Exercise requirements:
Below are entries. Give back exactly the lines from the one containing "Scan the middle" through the one containing "Look at what", inclusive, without the pictures.
* * * * * * *
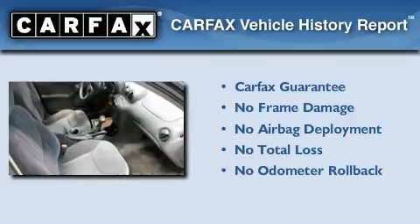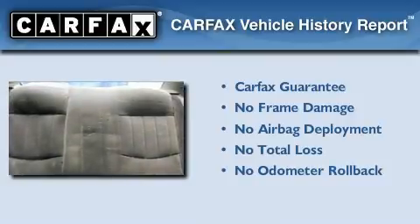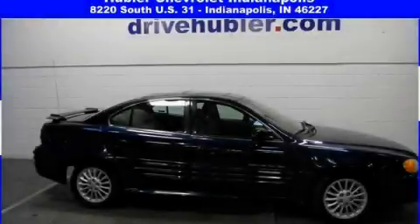Not to mention that this Pontiac qualifies for the Carfax buy-back guarantee. This automobile won't last long at this price — call and arrange a test drive now.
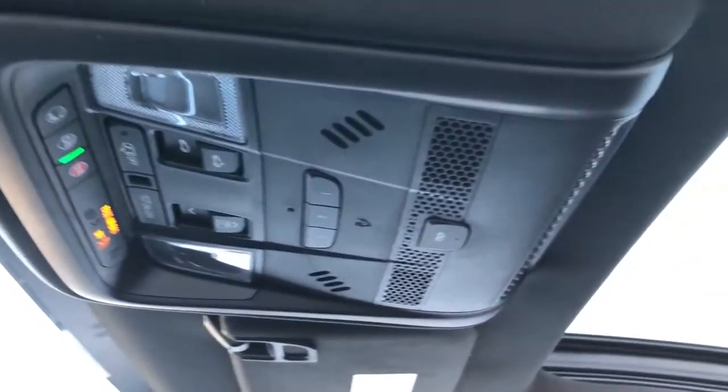Above our rear view mirror we have OnStar controls, three garage door openers, anti-theft, full black headliner, and a panoramic sunroof.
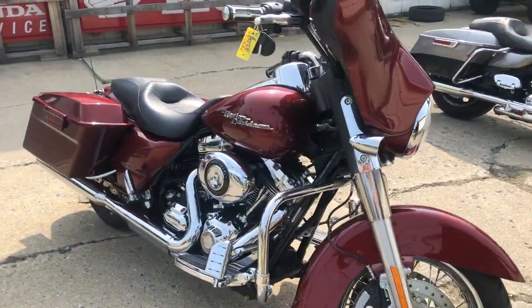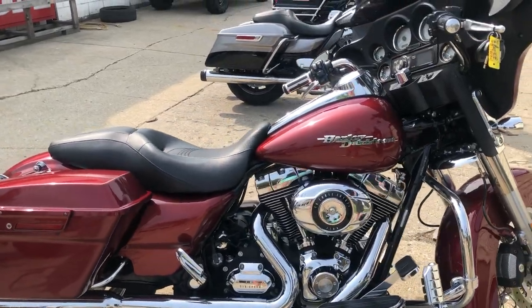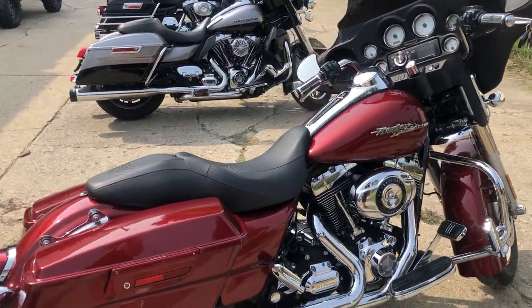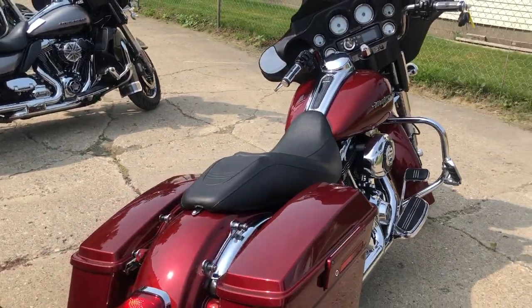Just one nice low mileage street glide, just serviced at the dealership — all the fluids changed, this thing's tuned up and ready to go. '09, you get the 96 cubic inch with the six speed. Come and get it, 810-648-9500.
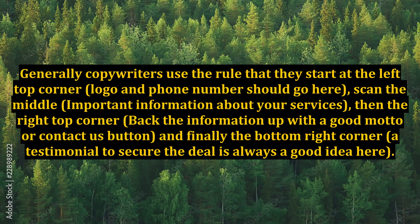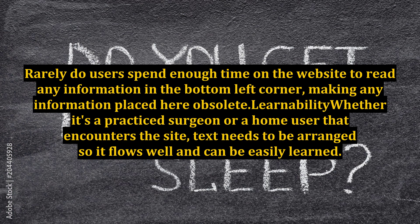Scan the middle for important information about your services, then the top right corner — back the information up with a good motto or a contact us button. Finally, the bottom right corner — a testimonial to secure the deal is always a good idea here. Rarely do users spend enough time on the website to read any information in the bottom left corner, making any information placed there obsolete.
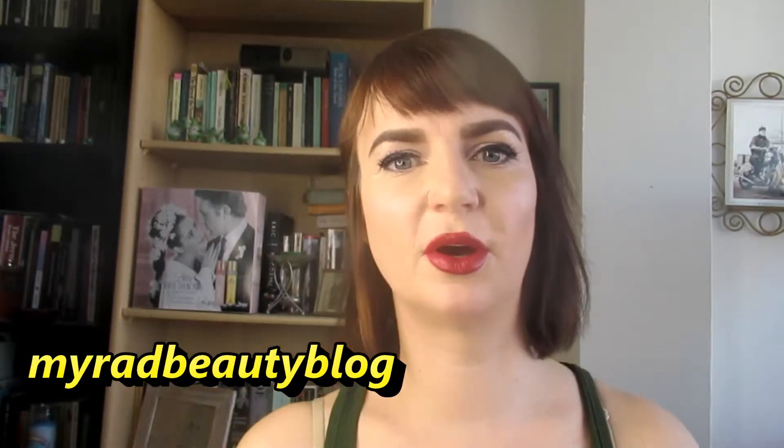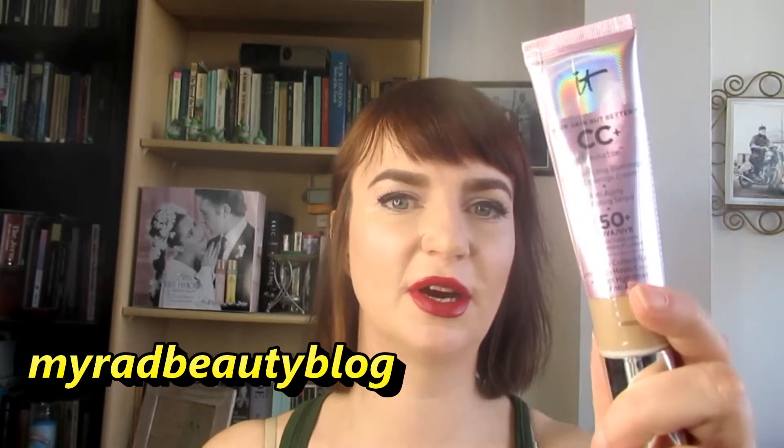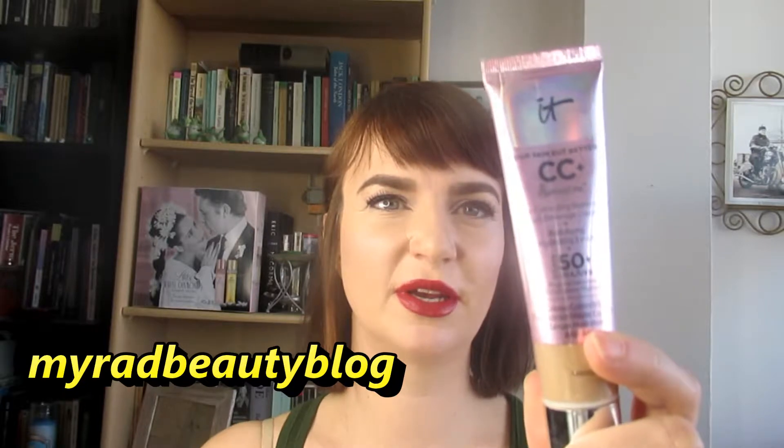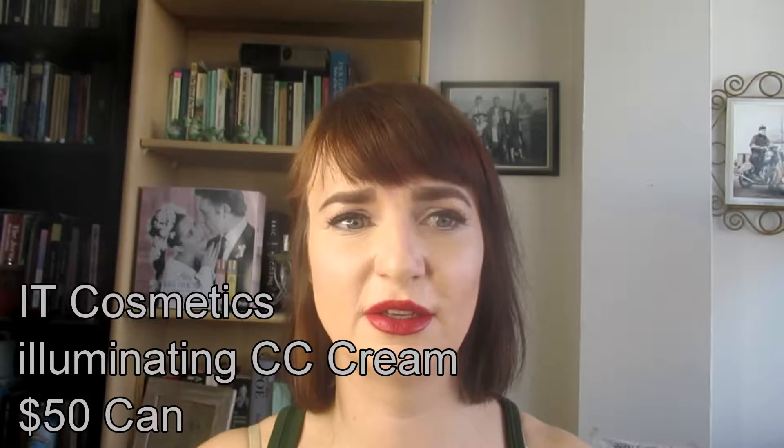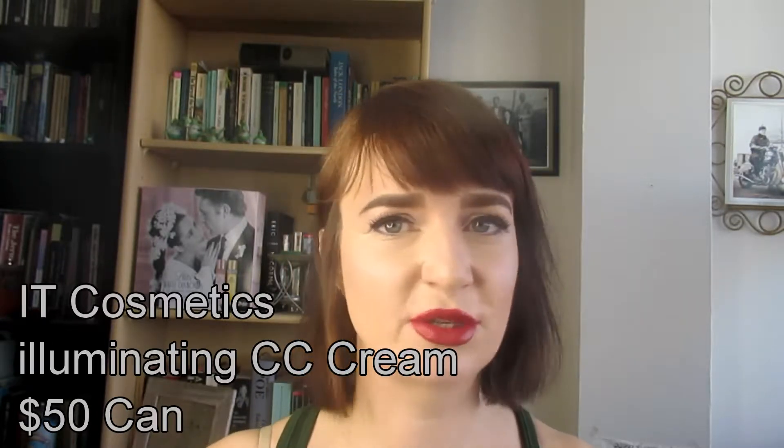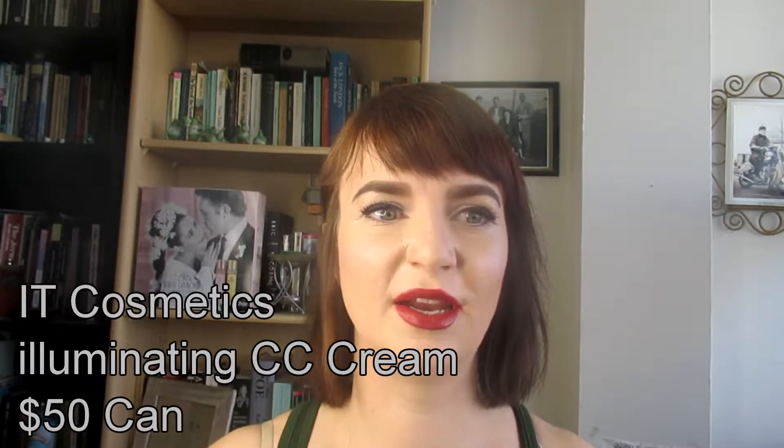Hi everybody, welcome back to my rad beauty blog. Today I'm going to talk about the IT Cosmetics CC Cream. This is tagline 'your skin but better,' and this is one of those products where I literally have a list of pros and a list of cons and you can just make up your own mind about it.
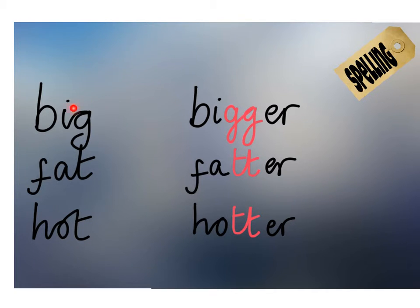Look at what these words end in. G, T, T. These are all consonants. What we've done here is double the consonant. Big becomes bigger with a double G. Fat becomes fatter with a double T. Hot becomes hotter with a double T.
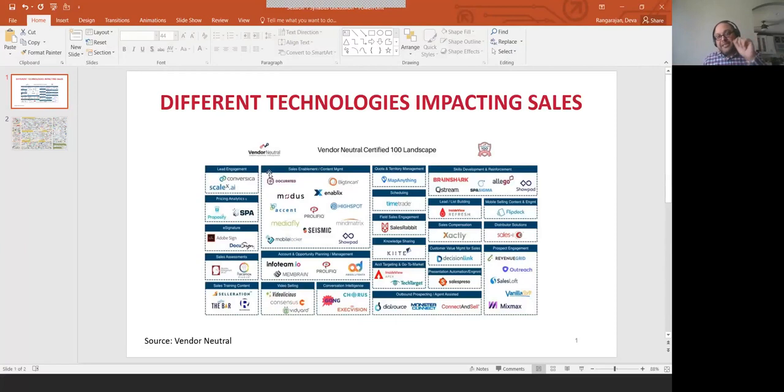You'll hear the terms MarTech and SalesTech. SalesTech is becoming much more prominent — what technologies are available to help the salesperson do the job on a daily basis. Sales tech is going to be in another five to six years where MarTech was five years ago, meaning the space will become much more crowded. You need one of these research services to help you say, 'If I want to go into sales enablement, which platform is right for me?' The list shown covers just the certified top 100 — there are many more players in the sales enablement space.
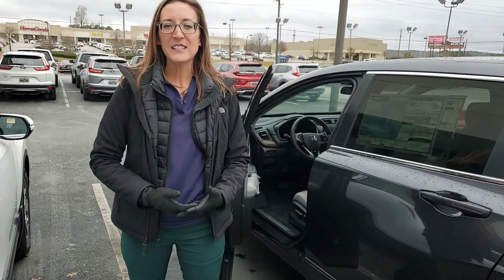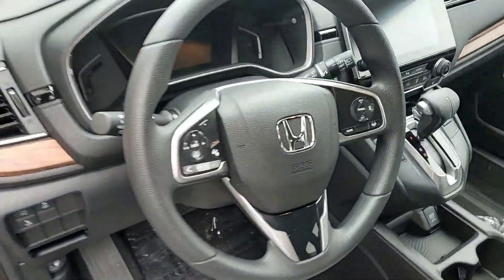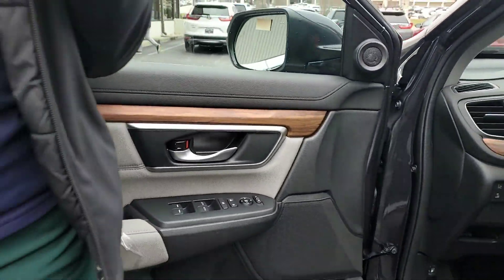I just wanted to take a second to show you the 2019 CR-V. Now this is the EX package. It is going to have that sunroof that you're looking for, all the driver assist features. Take a look at the inside — all of those are going to be at the touch of your fingers on the steering wheel with your Bluetooth, backup camera of course, and that large touchscreen display. You will have Android Auto and Apple CarPlay as well.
* * * * * * *
Written response:
Scan the middle for important information about your services, then the top right corner — back the information up with a good motto or a contact us button. Finally, the bottom right corner — a testimonial to secure the deal is always a good idea here. Rarely do users spend enough time on the website to read any information in the bottom left corner, making any information placed there obsolete.
Hi everybody, welcome back to my rad beauty blog. Today I'm going to talk about the IT Cosmetics CC Cream. This is tagline 'your skin but better,' and this is one of those products where I literally have a list of pros and a list of cons and you can just make up your own mind about it.
Look at what these words end in. G, T, T. These are all consonants. What we've done here is double the consonant. Big becomes bigger with a double G. Fat becomes fatter with a double T. Hot becomes hotter with a double T.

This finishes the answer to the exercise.